We All Need Heroes

I’m going to say something I thought I’d never say…one of my heroes is a basketball player. (Hey, unless a sport involves a draft horse, I’m not paying any attention to it.) Will Allen has changed my mind about the potential a sports figure can have.

Inner cities have the worst access to good food. You can find lots of fast food and convenience stores there, but no fresh, organic food. Mr. Allen founded Growing Power,
which has created a revolution in urban agriculture. He’s shown that healthy, sustainable food can be successfully grown in very small urban spaces. He’s pioneered vertical and fully integrated growing systems, training people how to use them to transform their lives.
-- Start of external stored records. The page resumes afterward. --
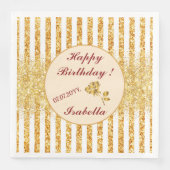 ゴールド ヴァーティカル グリッター ボヘミア ストライプ コレクション (正面)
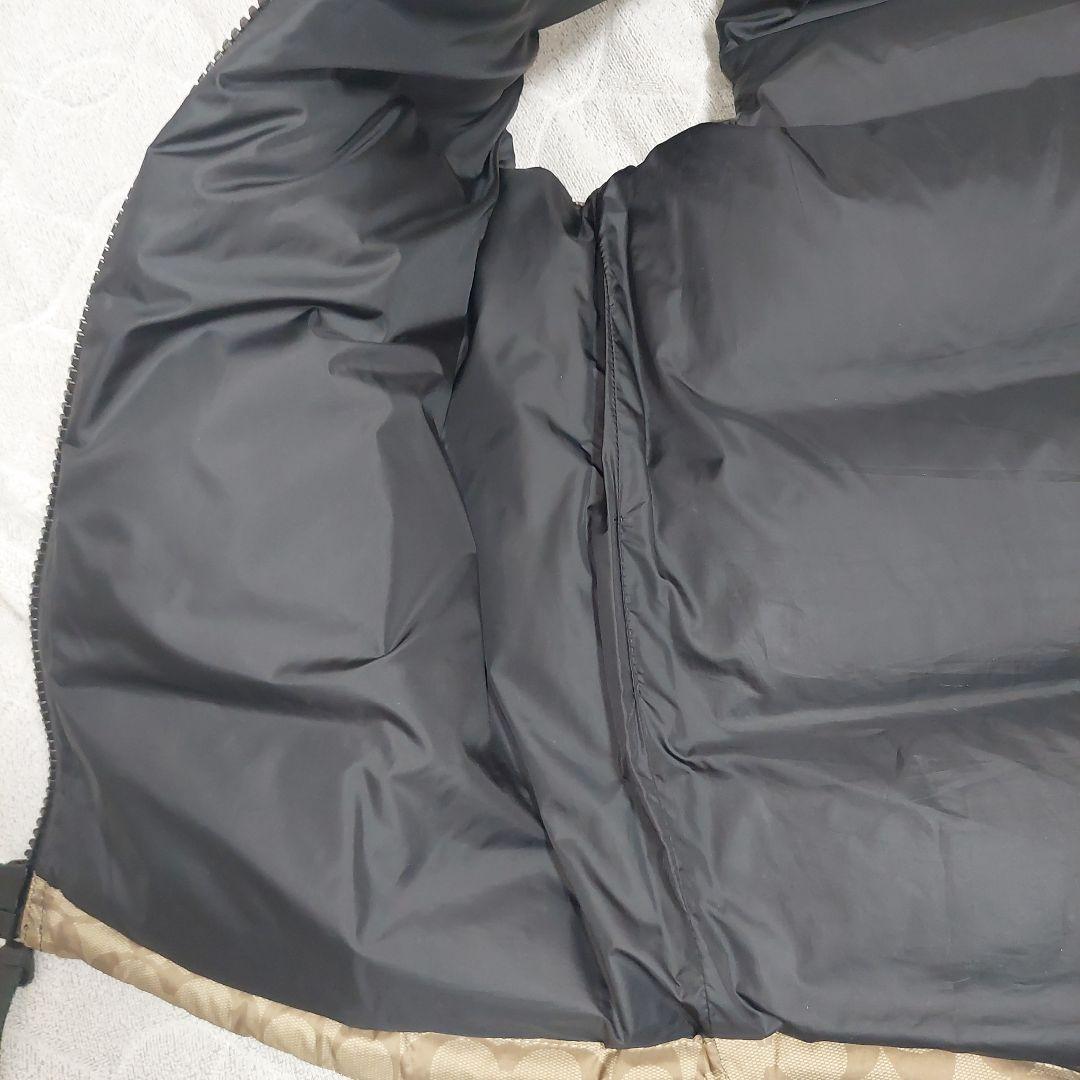 COACH ダウンベスト ベージュ/ブラック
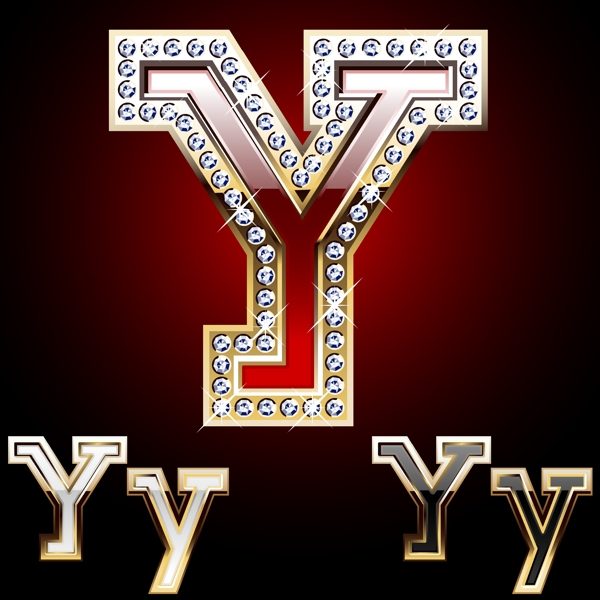 钻石Y字母素材
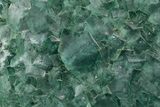 Green, Fluorescent, Cubic Fluorite Crystals - Madagascar #221158-2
The Milwaukee Headquarters is at the epicenter. In their own words:

“This historic two-acre farm is the last remaining farm and greenhouse operation in the City of Milwaukee. Since 1999, our Community Food Center has provided a wonderful space for hands-on activities, large-scale demonstration projects, and for growing a myriad of plants, vegetables, and herbs. In a space no larger than a small supermarket live some 20,000 plants and vegetables, thousands of fish, and a livestock inventory of chickens, goats, ducks, rabbits, and bees.”
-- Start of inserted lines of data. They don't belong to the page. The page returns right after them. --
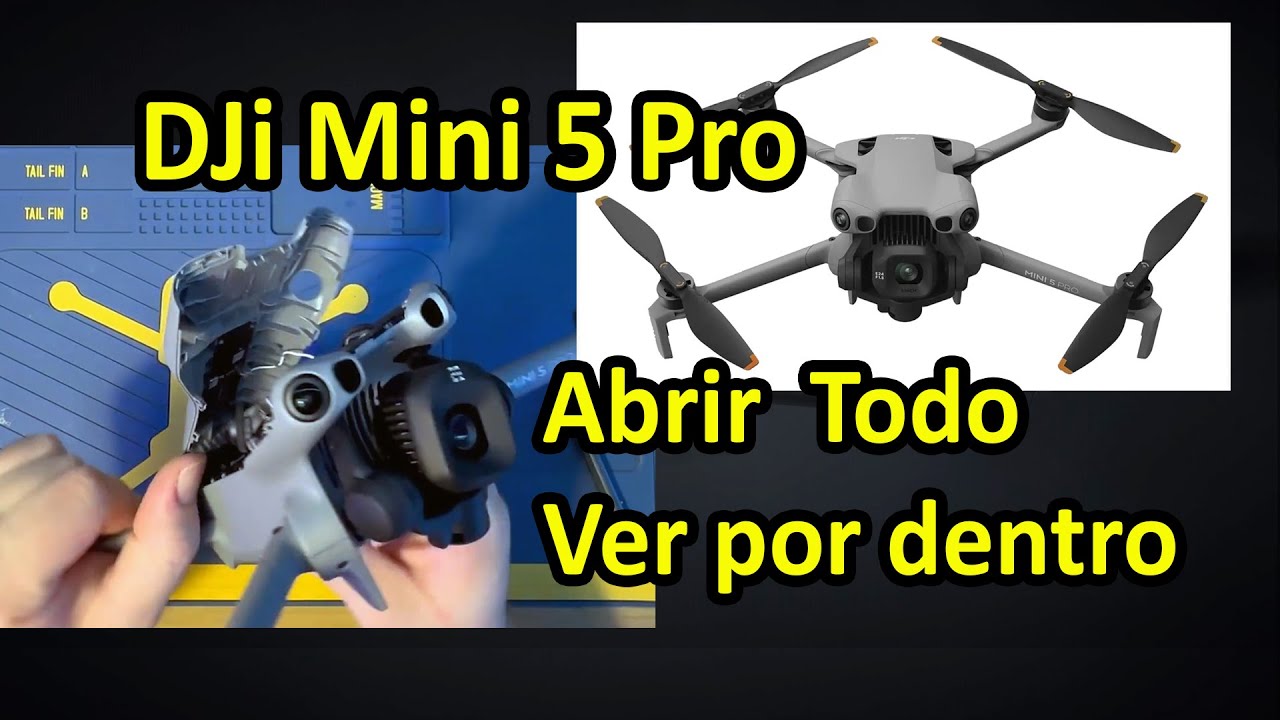 Drone DJi Mini 5 Pro Abrir Todo o Drone como abrir o drone dji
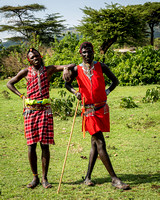 Male Maasai Villagers near Ololaimutiek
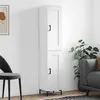 Image de vidaXL Buffet haut Blanc 34,5x34x180 cm Bois d'ingénierie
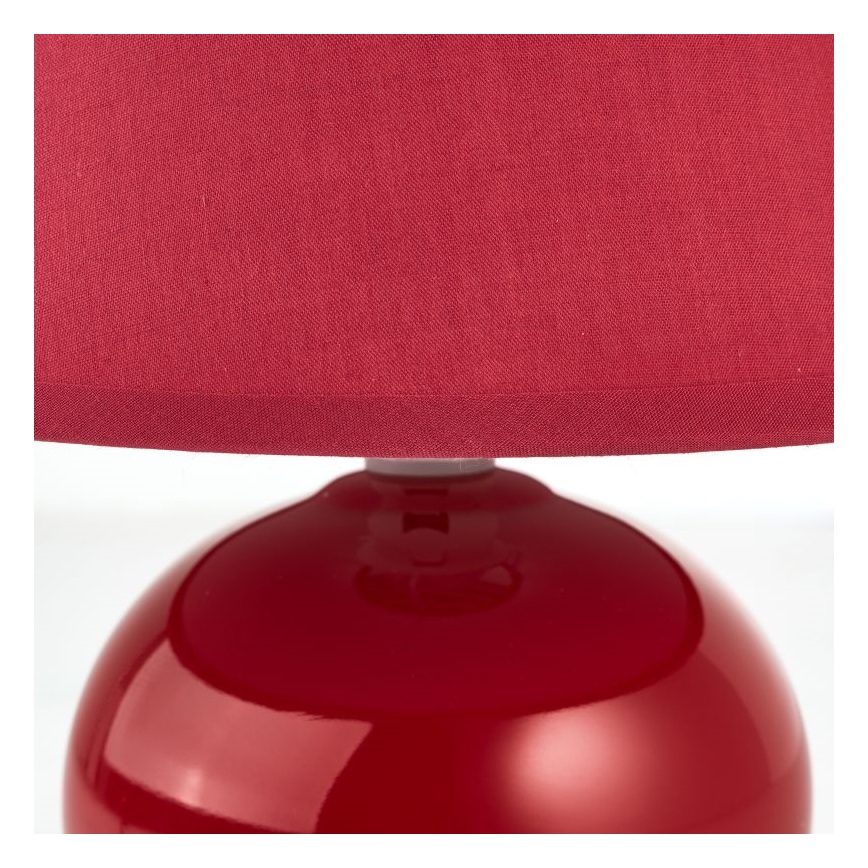 Lampă de masă Brilliant PRIMO 1xE14/40W/230V ceramică/roșu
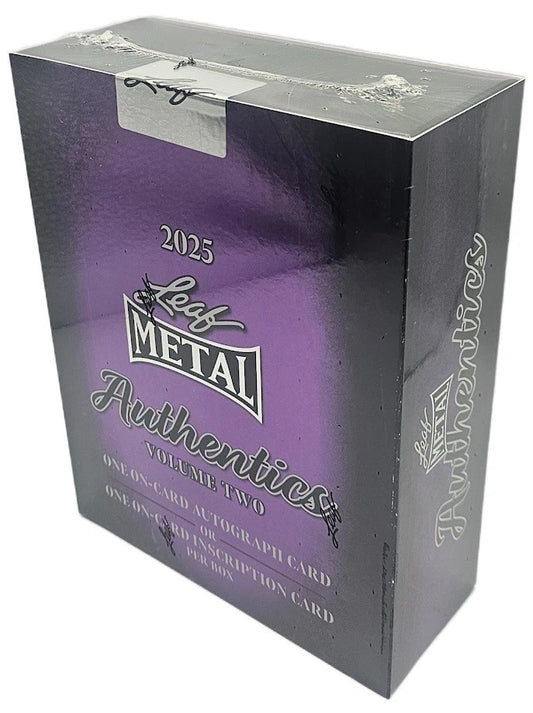 2025 Leaf Metal Authentics Volume 2 Hobby Box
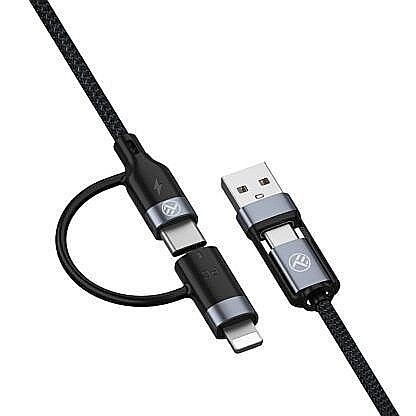Electronice și accesorii IT - Cablu 4in1 tellur usb/type-c tll155411
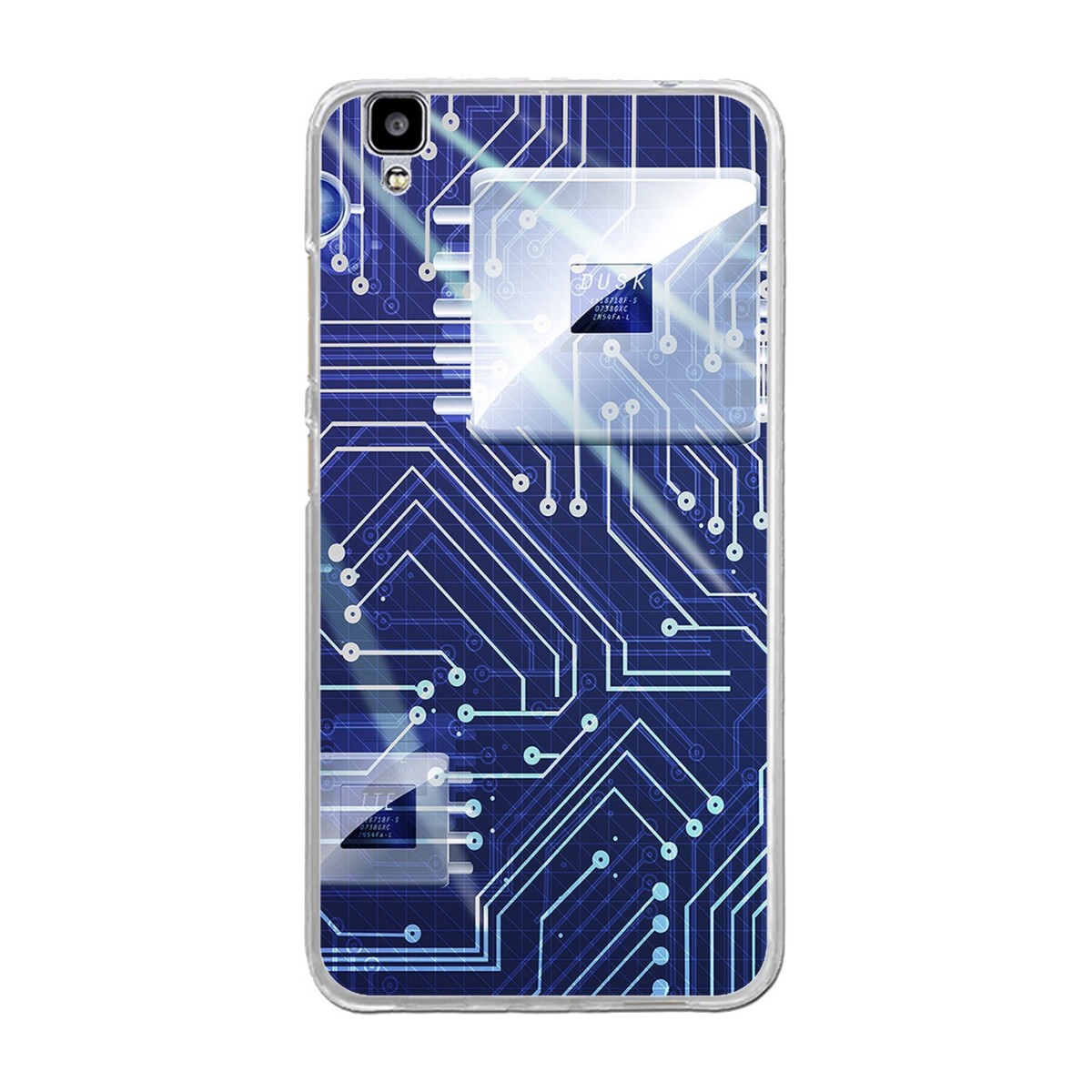 Funda Gel Tpu para Bluboo Maya 5.5" Diseño Circuito Dibujos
Growing Power now has multiple farms, training programs, farmers markets, youth outreach, and food policy initiatives. All of these aim to change the way food is grown and delivered to urban markets, providing better health for those who don’t have access and can’t usually afford fresh, organic foods.

Last year, Will Allen was awarded a McArthur fellowship to continue his vital work. This February, he visited Seattle and talked about the need for a multi-cultural, inter-generational approach to creating a new food growing paradigm. “All people should have access to food – and we’ve proven we can do it.”